#### The data
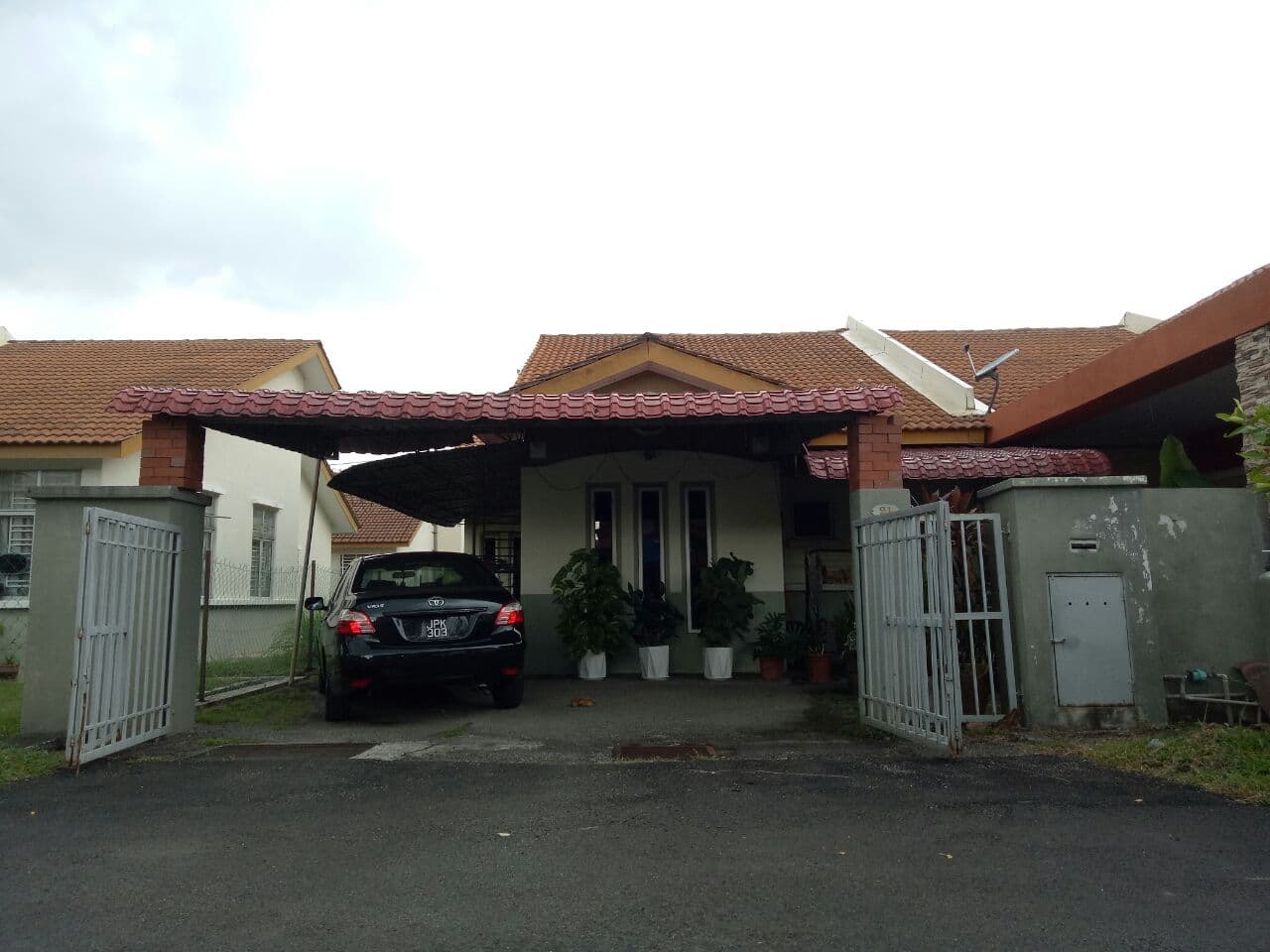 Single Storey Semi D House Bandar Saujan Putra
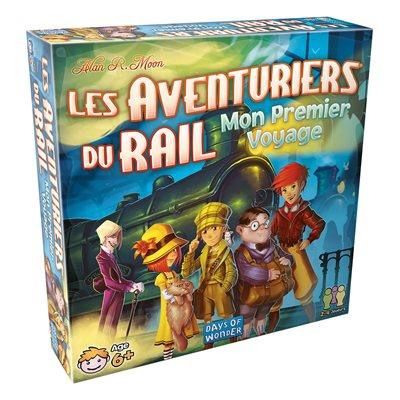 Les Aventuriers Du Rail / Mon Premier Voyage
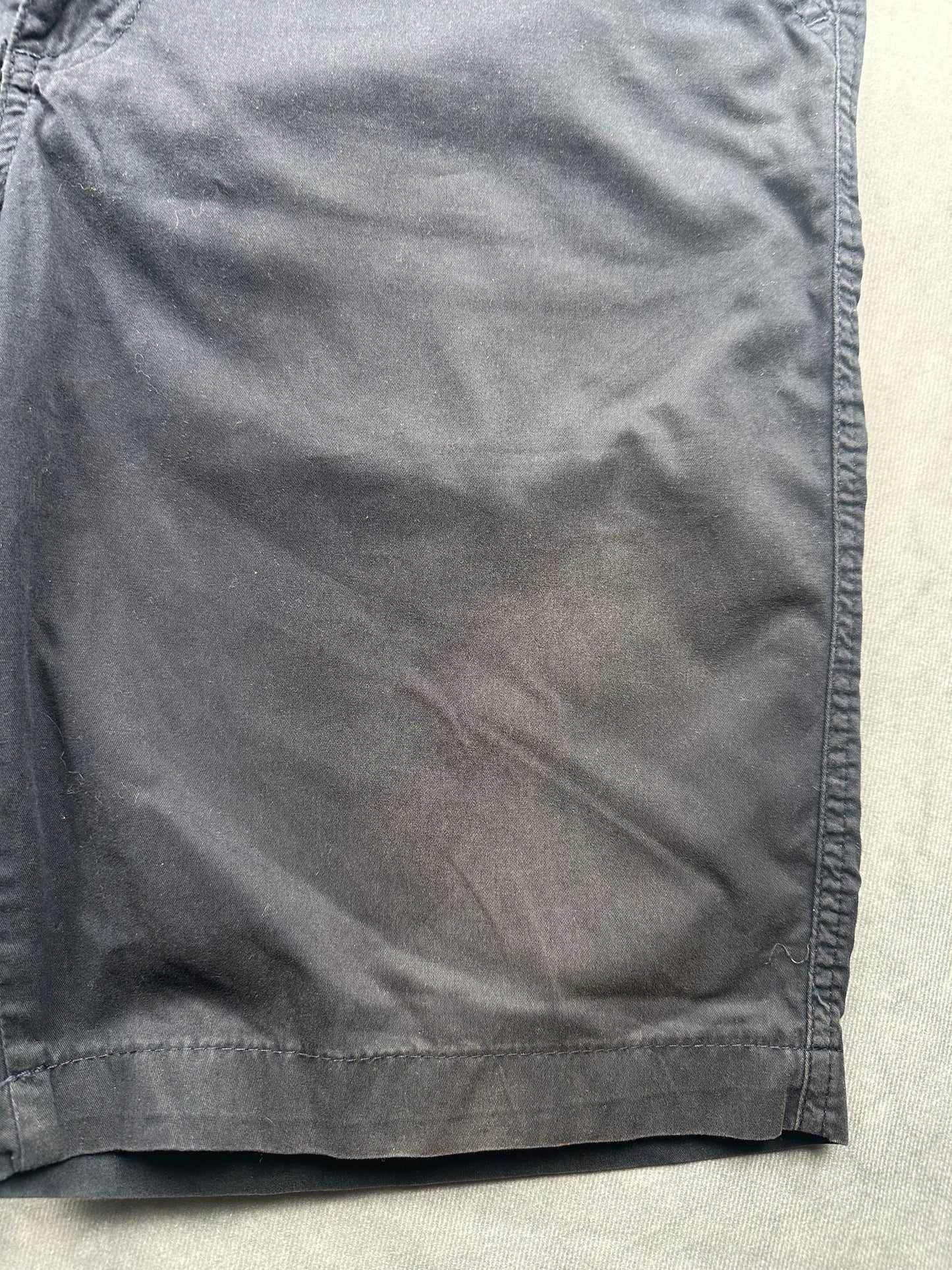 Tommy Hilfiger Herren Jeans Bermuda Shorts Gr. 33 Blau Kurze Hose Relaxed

#### Task to complete
Print the data again word for word, pictures excluded.

#### Solved problem
 Single Storey Semi D House Bandar Saujan Putra
 Les Aventuriers Du Rail / Mon Premier Voyage
 Tommy Hilfiger Herren Jeans Bermuda Shorts Gr. 33 Blau Kurze Hose Relaxed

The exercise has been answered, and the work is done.